In City of Manila v. Serrano,[36] this Court ruled that "hearing is still to be held to determine whether or not petitioner indeed complied with the requirements provided in Rep. Act No. 7279. x x x The determination of this question must await the hearing on the complaint for expropriation, particularly the hearing for the condemnation of the properties sought to be expropriated." From the foregoing, it is clear that an evidentiary hearing must be conducted if compliance with the requirements for socialized housing has been made. This hearing, however, is not a hearing to determine if a writ of possession is to be issued, but whether there was compliance with the requirements for socialized housing.

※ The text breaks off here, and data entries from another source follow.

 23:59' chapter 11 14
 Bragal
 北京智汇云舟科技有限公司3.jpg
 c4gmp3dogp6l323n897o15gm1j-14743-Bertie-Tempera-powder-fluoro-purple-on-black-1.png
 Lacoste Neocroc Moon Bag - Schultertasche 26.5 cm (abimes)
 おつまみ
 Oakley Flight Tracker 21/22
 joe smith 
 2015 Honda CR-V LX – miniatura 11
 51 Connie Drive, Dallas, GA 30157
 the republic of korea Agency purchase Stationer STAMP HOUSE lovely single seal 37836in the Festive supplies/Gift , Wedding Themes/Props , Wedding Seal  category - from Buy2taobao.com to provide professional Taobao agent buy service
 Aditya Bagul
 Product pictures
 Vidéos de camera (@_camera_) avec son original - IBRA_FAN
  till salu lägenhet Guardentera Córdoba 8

For a writ of possession to issue, only two requirements are required: the sufficiency in form and substance of the complaint and the required provisional deposit. In fact, no hearing is required for the issuance of a writ of possession. The sufficiency in form and substance of the complaint for expropriation can be determined by the mere examination of the allegations of the complaint. In this case, the sufficiency of the Amended Complaint was further confirmed by public respondent when he set the case for pre-trial and hearing.
We likewise find private respondents' claim that petitioner cannot change its position regarding the immediate issuance of the writ of possession on the ground of estoppel, to be untenable.

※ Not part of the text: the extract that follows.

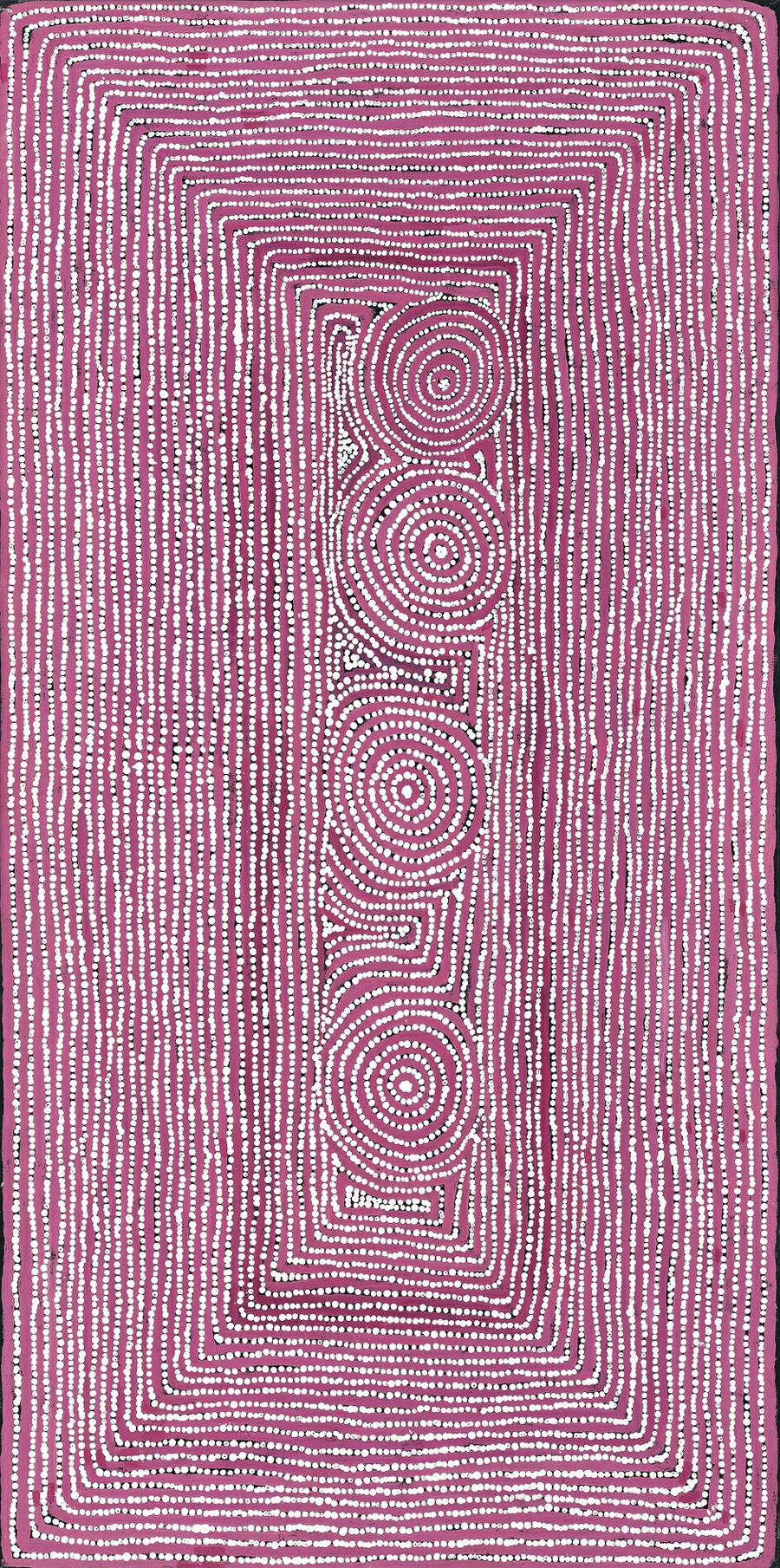 UNTITLED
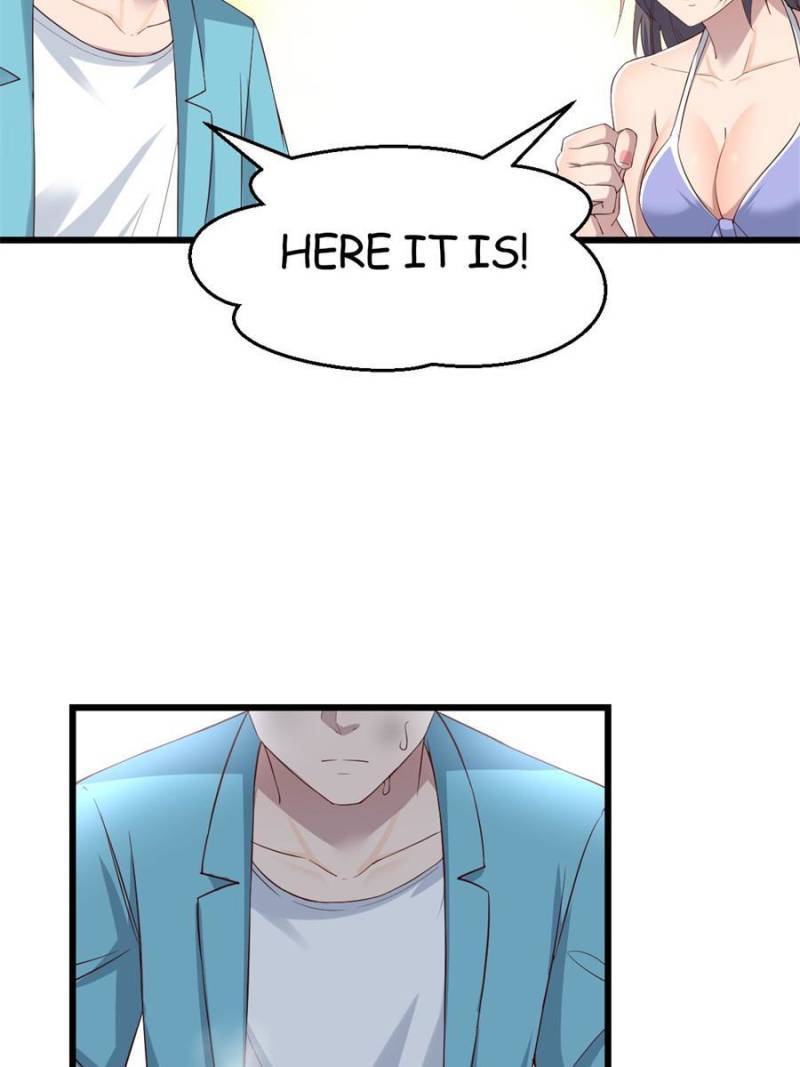 Chapter 213 - Image 5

First, estoppel may be successfully invoked only if the party fails to raise the question in the early stages of the proceedings.[37] In the case before us, petitioner, through its counsel, undeniably committed a mistake when it agreed that the resolution of its Motion for Issuance of Writ of Possession be made by public respondent after a hearing is conducted and after it has adduced its evidence. To remedy this, petitioner immediately filed a Motion for Reconsideration. The filing thereof was precisely for the purpose of rectifying the error it committed. With the timely filing of the motion for reconsideration, petitioner cannot be held in estoppel because it right away asked the court to nullify the agreement it entered into. The filing of the motion for reconsideration which was done at the earliest possible time clearly negates the presence of estoppel.
Second, under the facts of the case, estoppel should not apply because petitioner is simply following the procedure laid down by the rules and jurisprudence. Under Section 19[38] of Rep. Act No. 7160 (law governing exercise of eminent domain by local government units [LGU]) and Section 2[39] of Rule 67 of the Revised Rules of Civil Procedure (law governing exercise of eminent domain by entities other than LGUs), and in the cases of Robern Development Corporation v. Quitain, et al., and Biglang-awa v. Bacalla, et al., a prior hearing is not required before a writ of possession can be issued. As above discussed, a complaint, sufficient in form and substance, and the required deposit, are the only requirements before a writ of possession can be issued. Thus, petitioner should not be prevented from changing and correcting its position when the same is in accord with the rules and jurisprudence.
Private respondents argue that petitioner waived its right to ask for the immediate possession of Lot No. 935 since it took the latter eight (8) months and twelve (12) days from the filing of the Amended Complaint, and nine (9) months and thirteen (13) days from the filing of the Original Complaint, before it filed the Motion for Issuance of Writ of Possession.
Petitioner did not waive its right. Section 19 of Rep. Act No. 7160 does not put a time limit as to when a local government may immediately take possession of the real property. Said section provides that the local government unit may take immediate possession of the property upon the filing of the expropriation proceedings and upon making a deposit of at least fifteen percent (15%) of the fair market value of the property based on its current tax declaration. As long as the expropriation proceedings have been commenced and the deposit has been made, the local government unit cannot be barred from praying for the issuance of a writ of possession.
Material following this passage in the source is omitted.